- [WHAT THIS TASK INVOLVES]: All entries need to be written out verbatim, with pictures omitted.

- [DATA]:
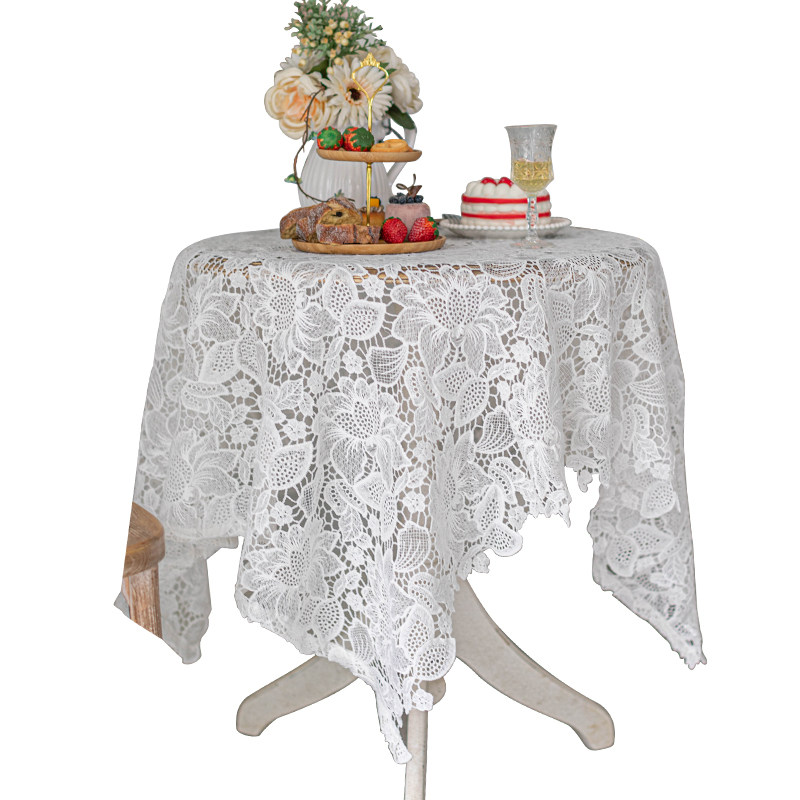 白色蕾丝镂空桌布k钩花盖巾法式编织餐桌布高级感圆桌台布多用巾,淘宝优惠券,粉丝福利购,淘宝优惠卷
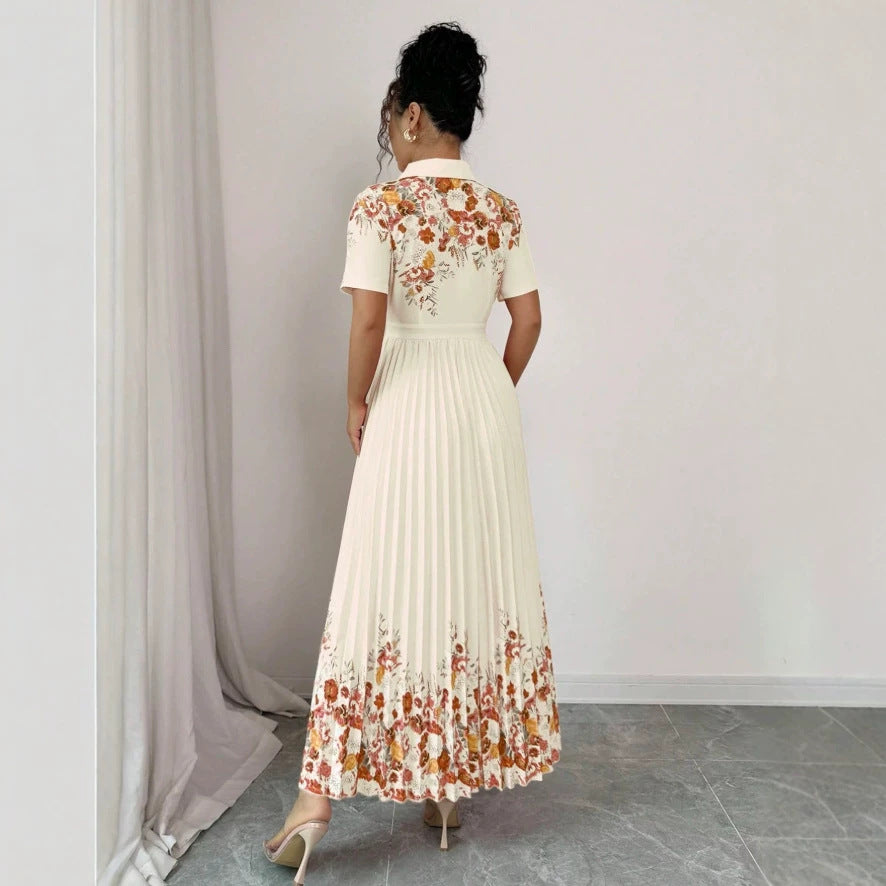 european and american new retro orange blossom patchwork shirt dress with turn-down collar, short sleeves, cinched waist, and long pleated skirt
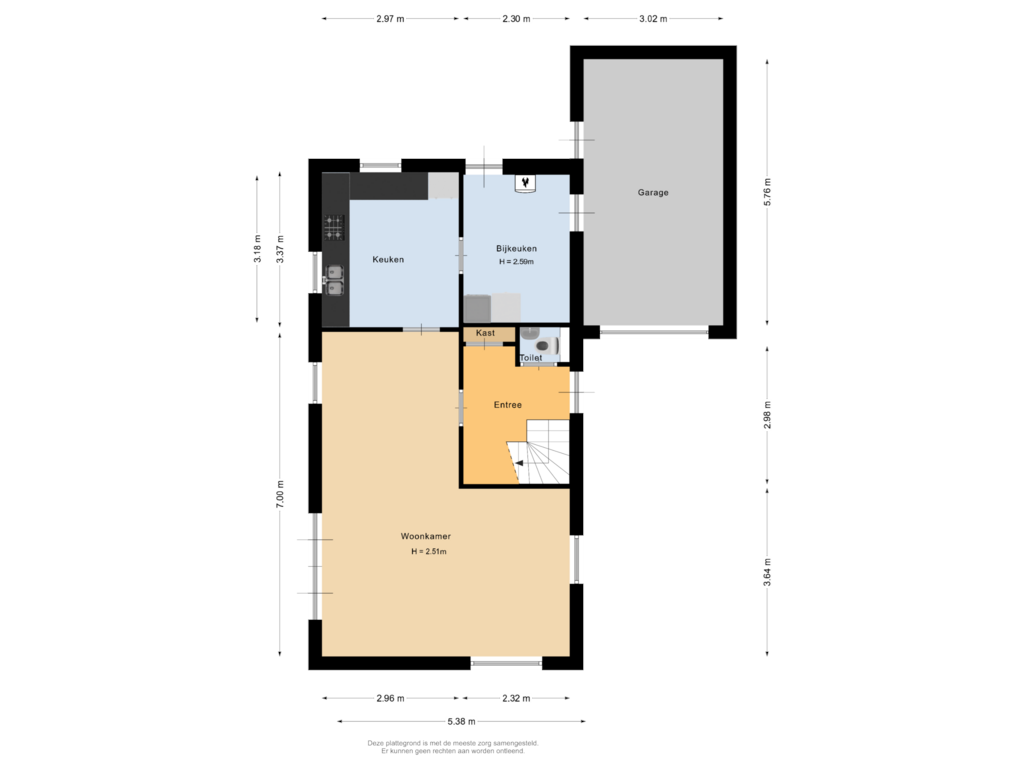 Bekijk plattegrond van Begane grond van Fitishof 36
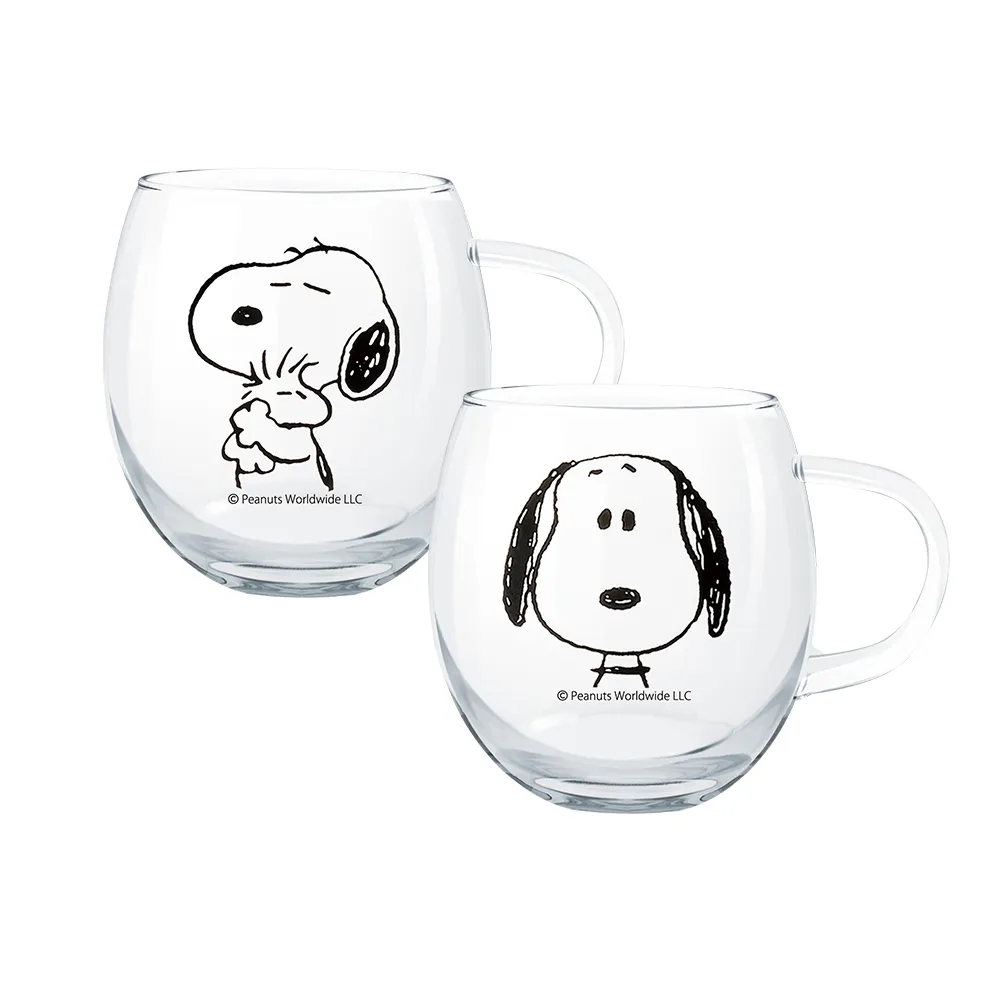 【CorelleBrands 康寧餐具_買1送1】SNOOPY 黑白復刻耐熱玻璃杯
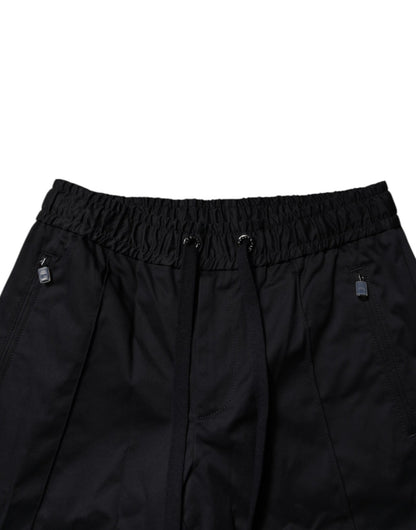 Dolce & Gabbana Dark Blue Cotton Men Jogger Sweatpants Pants - Sandy Store ByNet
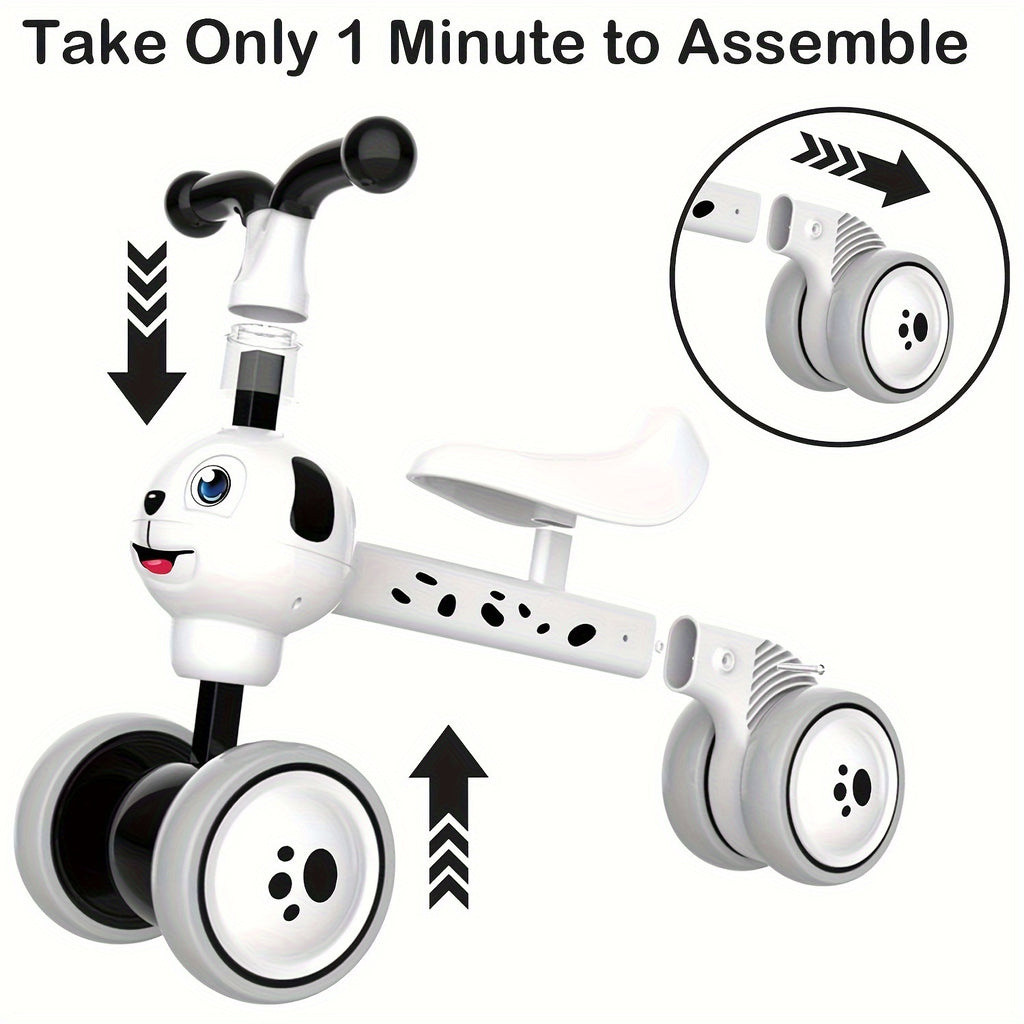 Toddler Balance Bike 10-36 Months – 4 Wheel No Pedal Baby Ride On Toy, Dalmatian Dog Style, Adjustable Seat & EVA Wheels – Best First Birthday Gift for Baby Boys & Girls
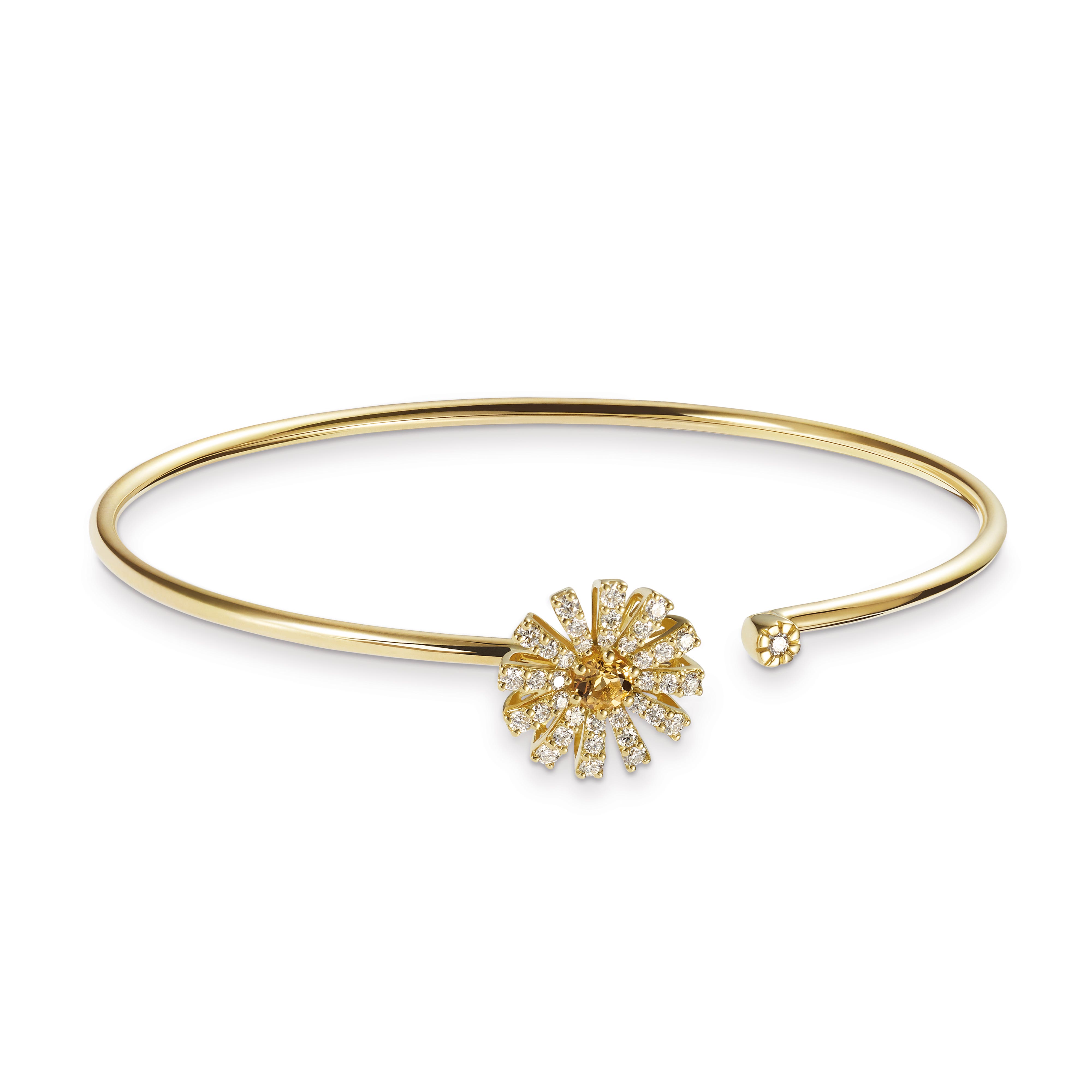 Yellow gold, diamonds and citrine quartz bracelet | DAMIANI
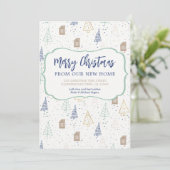 Vrolijk kerstfeest vanuit New Home Scandinavian Fo Aankondiging (Staand voorkant)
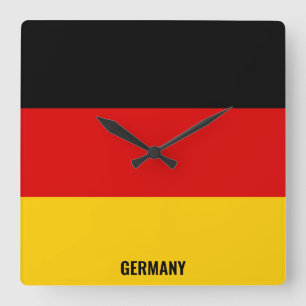 Horloge Carrée Allemagne Nationale Drapeau Patriotique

- [ANSWER BOX]:
 白色蕾丝镂空桌布k钩花盖巾法式编织餐桌布高级感圆桌台布多用巾,淘宝优惠券,粉丝福利购,淘宝优惠卷
 european and american new retro orange blossom patchwork shirt dress with turn-down collar, short sleeves, cinched waist, and long pleated skirt
 Bekijk plattegrond van Begane grond van Fitishof 36
 【CorelleBrands 康寧餐具_買1送1】SNOOPY 黑白復刻耐熱玻璃杯
 Dolce & Gabbana Dark Blue Cotton Men Jogger Sweatpants Pants - Sandy Store ByNet
 Toddler Balance Bike 10-36 Months – 4 Wheel No Pedal Baby Ride On Toy, Dalmatian Dog Style, Adjustable Seat & EVA Wheels – Best First Birthday Gift for Baby Boys & Girls
 Yellow gold, diamonds and citrine quartz bracelet | DAMIANI
 Vrolijk kerstfeest vanuit New Home Scandinavian Fo Aankondiging (Staand voorkant)
 Horloge Carrée Allemagne Nationale Drapeau Patriotique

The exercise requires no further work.